## Assigned task:
Whatever lies between the line with "Котушка Salmo Diamond" and the end of the data, both included, must be copied exactly and without pictures.

** Exercise data follows **

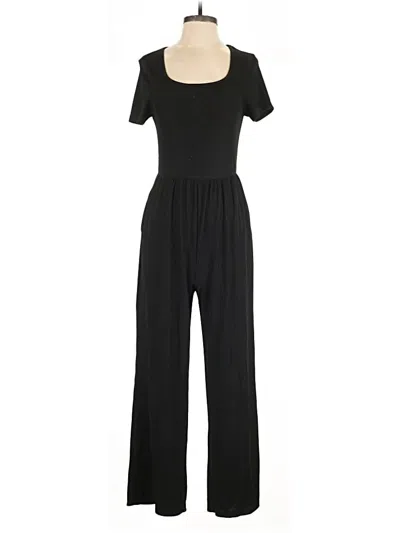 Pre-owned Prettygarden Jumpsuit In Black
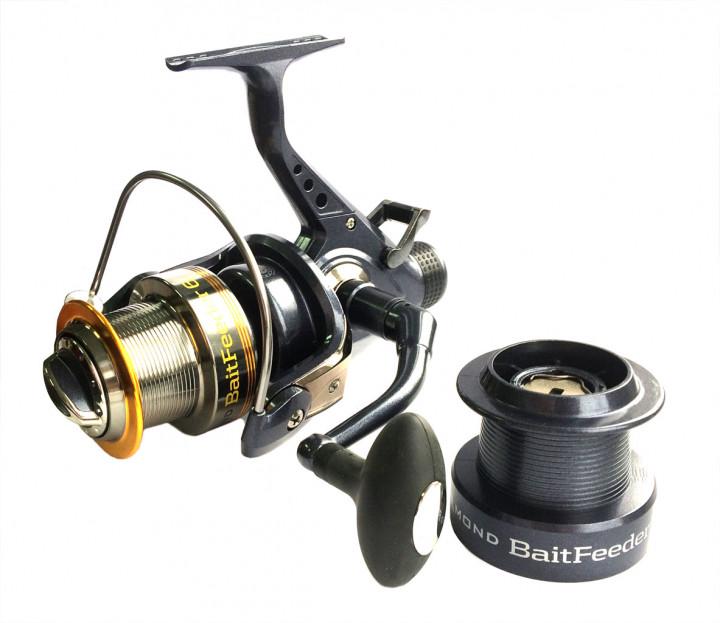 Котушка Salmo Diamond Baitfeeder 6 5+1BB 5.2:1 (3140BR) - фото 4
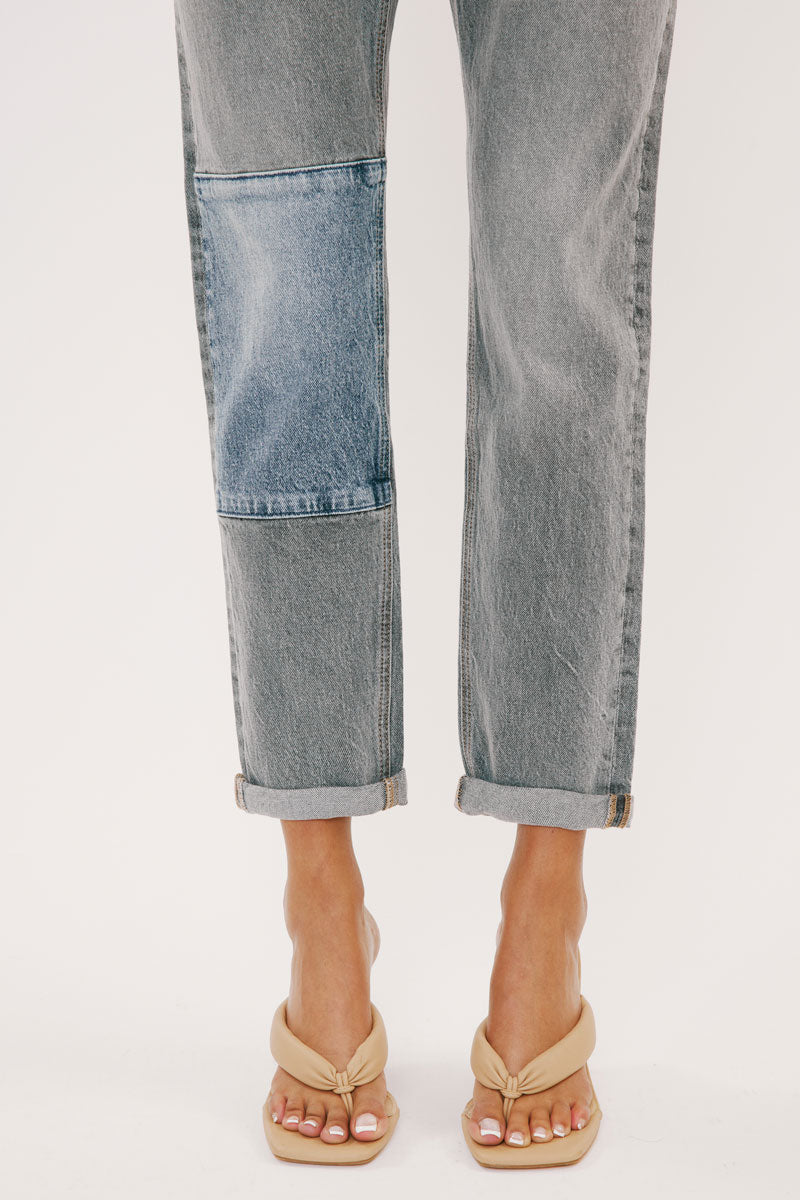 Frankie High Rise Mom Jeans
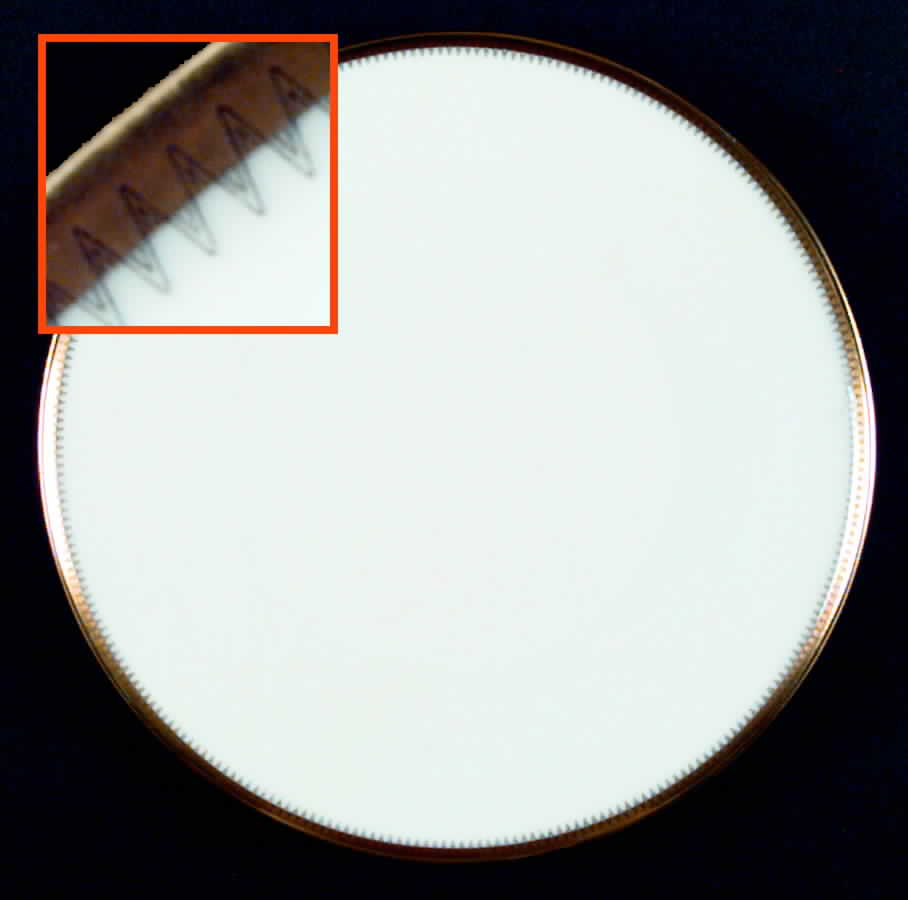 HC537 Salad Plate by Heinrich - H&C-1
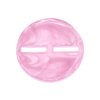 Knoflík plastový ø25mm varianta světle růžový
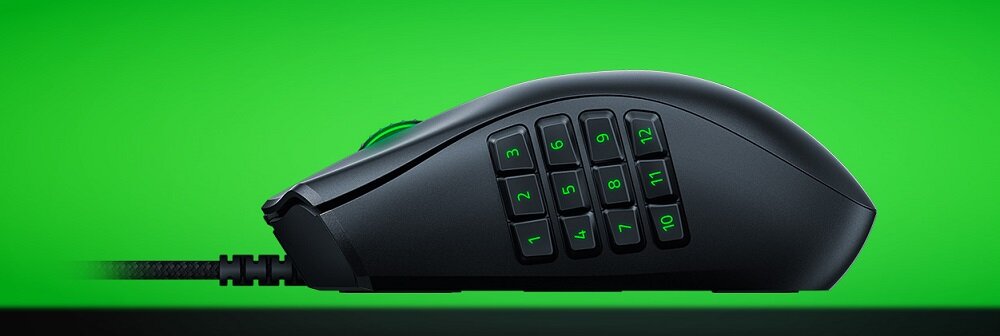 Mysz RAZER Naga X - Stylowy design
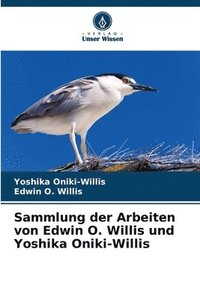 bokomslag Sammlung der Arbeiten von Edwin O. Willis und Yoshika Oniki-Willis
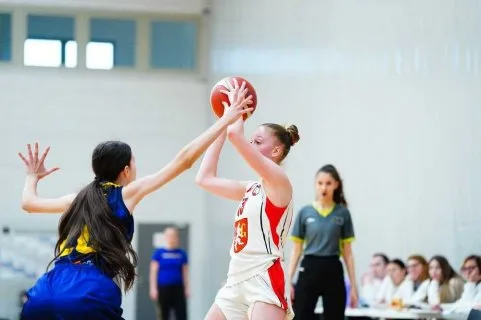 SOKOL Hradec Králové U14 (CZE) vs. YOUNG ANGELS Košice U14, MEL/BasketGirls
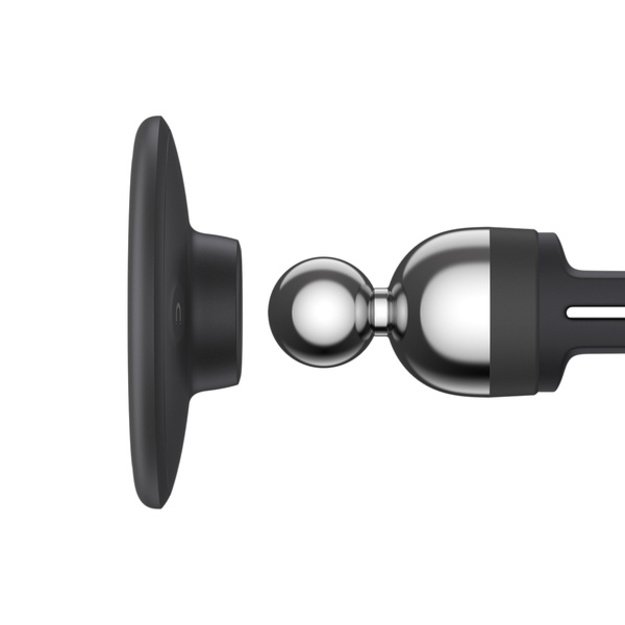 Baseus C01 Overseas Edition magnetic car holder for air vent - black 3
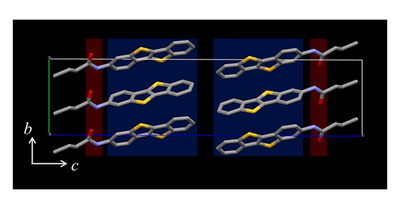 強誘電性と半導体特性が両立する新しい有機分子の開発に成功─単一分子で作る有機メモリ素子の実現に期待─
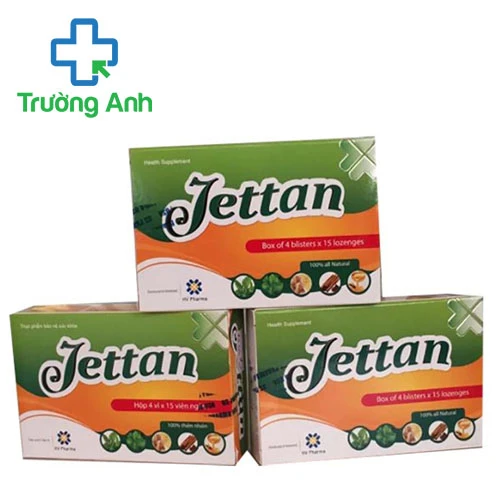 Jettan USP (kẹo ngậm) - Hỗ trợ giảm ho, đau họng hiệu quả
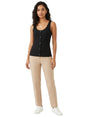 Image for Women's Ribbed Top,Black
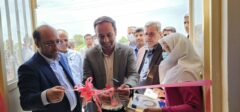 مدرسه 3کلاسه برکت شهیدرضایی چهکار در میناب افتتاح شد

** End of Exercise data **

## Solution for this task:
 Котушка Salmo Diamond Baitfeeder 6 5+1BB 5.2:1 (3140BR) - фото 4
 Frankie High Rise Mom Jeans
 HC537 Salad Plate by Heinrich - H&C-1
 Knoflík plastový ø25mm varianta světle růžový
 Mysz RAZER Naga X - Stylowy design
 bokomslag Sammlung der Arbeiten von Edwin O. Willis und Yoshika Oniki-Willis
 SOKOL Hradec Králové U14 (CZE) vs. YOUNG ANGELS Košice U14, MEL/BasketGirls
 Baseus C01 Overseas Edition magnetic car holder for air vent - black 3
 強誘電性と半導体特性が両立する新しい有機分子の開発に成功─単一分子で作る有機メモリ素子の実現に期待─
 Jettan USP (kẹo ngậm) - Hỗ trợ giảm ho, đau họng hiệu quả
 Image for Women's Ribbed Top,Black
 مدرسه 3کلاسه برکت شهیدرضایی چهکار در میناب افتتاح شد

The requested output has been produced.